Releases · chardet/chardet

chardet 7.4.0 brings accuracy up to 99.3% (from 98.6% in 7.3.0) and significantly faster cold start thanks to a new dense model format.

What's New

Performance:

New dense zlib-compressed model format (v2) drops cold start (import + first detect) from ~75ms to ~13ms with mypyc

Accuracy (98.6% → 99.3%):

Eliminated train/test data overlap via content fingerprinting
Added MADLAD-400 and Wikipedia as supplemental training sources
Improved non-ASCII bigram scoring: high-byte bigrams are now preserved during training and weighted by per-bigram IDF
Encoding-aware substitution filtering (substitutions only apply for characters the target encoding can't represent)
Increased training samples from 15K to 25K per language/encoding pair

Bug fixes:

Added dedicated structural analyzers for CP932, CP949, and Big5-HKSCS (these were previously sharing their base encoding's byte-range analyzer, missing extended ranges)

Metrics

	chardet 7.4.0 (mypyc)	chardet 6.0.0	charset-normalizer 3.4.6
Accuracy (2,517 files)	99.3%	88.2%	85.4%
Speed	551 files/s	12 files/s	376 files/s
Language detection	95.7%	40.0%	59.2%

Full changelog: https://chardet.readthedocs.io/en/latest/changelog.html

License

0BSD license — the project license has been changed from MIT to 0BSD, a maximally permissive license with no attribution requirement. All prior 7.x releases should also be considered 0BSD licensed as of this release.

Features

Added mime_type field to detection results — identifies file types for both binary (via magic number matching) and text content. Returned in all detect(), detect_all(), and UniversalDetector results. (#350)
New pipeline/magic.py module detects 40+ binary file formats including images, audio/video, archives, documents, executables, and fonts. ZIP-based formats (XLSX, DOCX, JAR, APK, EPUB, wheel, OpenDocument) are distinguished by entry filenames. (#350)

Bug Fixes

Fixed incorrect equivalence between UTF-16-LE and UTF-16-BE in accuracy testing — these are distinct encodings with different byte order, not interchangeable

Performance

Added 4 new modules to mypyc compilation (orchestrator, confusion, magic, ascii), bringing the total to 11 compiled modules
Capped statistical scoring at 16 KB — bigram models converge quickly, so large files no longer score the full 200 KB. Worst-case detection time dropped from 62ms to 26ms with no accuracy loss.
Replaced dataclasses.replace() with direct DetectionResult construction on hot paths, eliminating ~354k function calls per full test suite run

Build

Added riscv64 to the mypyc wheel build matrix — prebuilt wheels are now published for RISC-V Linux alongside existing architectures (#348, thanks @gounthar)

Features

Added include_encodings and exclude_encodings parameters to detect(), detect_all(), and UniversalDetector — restrict or exclude specific encodings from the candidate set, with corresponding -i/--include-encodings and -x/--exclude-encodings CLI flags (#343)
Added no_match_encoding (default "cp1252") and empty_input_encoding (default "utf-8") parameters — control which encoding is returned when no candidate survives the pipeline or the input is empty, with corresponding CLI flags (#343)
Added -l/--language flag to chardetect CLI — shows the detected language (ISO 639-1 code and English name) alongside the encoding (#342)

Fixes

Fixed null-separated ASCII data being misdetected as UTF-16-BE (#346, #347)

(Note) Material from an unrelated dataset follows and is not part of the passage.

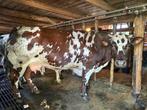 Guste dikbil koe, Dieren en Toebehoren, Runderen, Vrouwelijk, 3 tot 6 jaar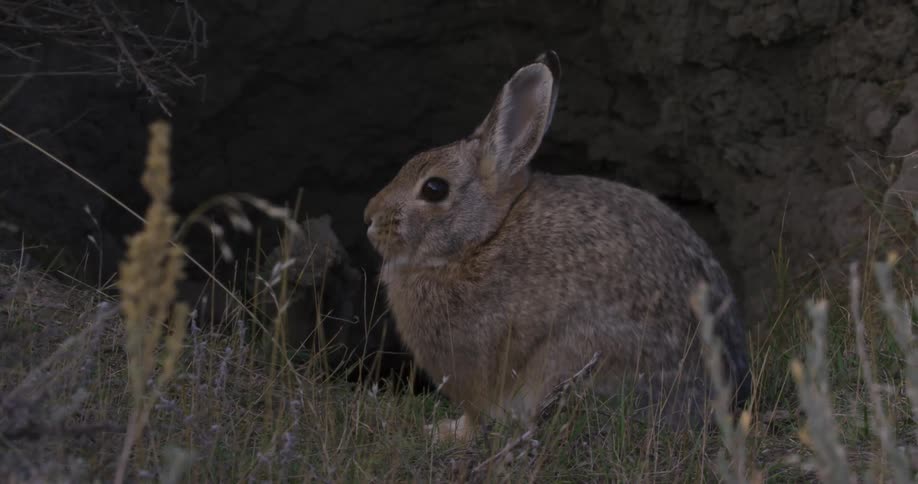A rabbit is running at the entrance to a burrow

Full changelog: https://chardet.readthedocs.io/en/latest/changelog.html

Features

Added PEP 263 encoding declaration detection — # -*- coding: ... -*- and # coding=... declarations on lines 1–2 of Python source files are now recognized with confidence 0.95 (#249)
Added chardet.universaldetector backward-compatibility stub so that from chardet.universaldetector import UniversalDetector works with a deprecation warning (#341)

Fixes

Fixed false UTF-7 detection of ASCII text containing ++ or +word patterns (#332)
Fixed 0.5s startup cost on first detect() call — model norms are now computed during loading instead of lazily iterating 21M entries (#333)
Fixed undocumented encoding name changes between chardet 5.x and 7.0 — detect() now returns chardet 5.x-compatible names by default (#338)
Improved ISO-2022-JP family detection — recognizes ESC sequences for ISO-2022-JP-2004 (JIS X 0213) and ISO-2022-JP-EXT (JIS X 0201 Kana)
Fixed silent truncation of corrupt model data (iter_unpack yielded fewer tuples instead of raising)
Fixed incorrect date in LICENSE

Performance

5.5x faster first-detect time (~0.42s → ~0.075s) by computing model norms as a side-product of load_models()
~40% faster model parsing via struct.iter_unpack for bulk entry extraction (eliminates ~305K individual unpack calls)

New API parameters

Added compat_names parameter (default True) to detect(), detect_all(), and UniversalDetector — set to False to get raw Python codec names instead of chardet 5.x/6.x compatible display names
Added prefer_superset parameter (default False) — remaps legacy ISO/subset encodings to their modern Windows/CP superset equivalents (e.g., ASCII → Windows-1252, ISO-8859-1 → Windows-1252). This will default to True in the next major version (8.0).
Deprecated should_rename_legacy in favor of prefer_superset — a deprecation warning is emitted when used

Improvements

Switched internal canonical encoding names to Python codec names (e.g., "utf-8" instead of "UTF-8"), with compat_names controlling the public output format
Added lookup_encoding() to registry for case-insensitive resolution of arbitrary encoding name input to canonical names
Achieved 100% line coverage across all source modules (+31 tests)
Updated benchmark numbers: 98.2% encoding accuracy, 95.2% language accuracy on 2,510 test files
Pinned test-data cloning to chardet release version tags for reproducible builds

Full changelog: https://chardet.readthedocs.io/en/latest/changelog.html

@rembish

Fixes

Fixed false UTF-7 detection of SHA-1 git hashes (#324, fixing #323) — requirements files with VCS pins (e.g., +4bafdea3...) were misdetected as UTF-7, breaking tools like tox
Fixed _SINGLE_LANG_MAP missing aliases for single-language encoding lookup (e.g., big5 → big5hkscs)
Fixed PyPy TypeError in UTF-7 codec handling

Improvements

Retrained bigram models — 24 previously failing test cases now pass
Updated language equivalences for mutual intelligibility (Slovak/Czech, East Slavic + Bulgarian, Malay/Indonesian, Scandinavian languages)

New Contributors

@rembish made their first contribution — both reporting the UTF-7 false detection issue and submitting the fix! (#323, #324)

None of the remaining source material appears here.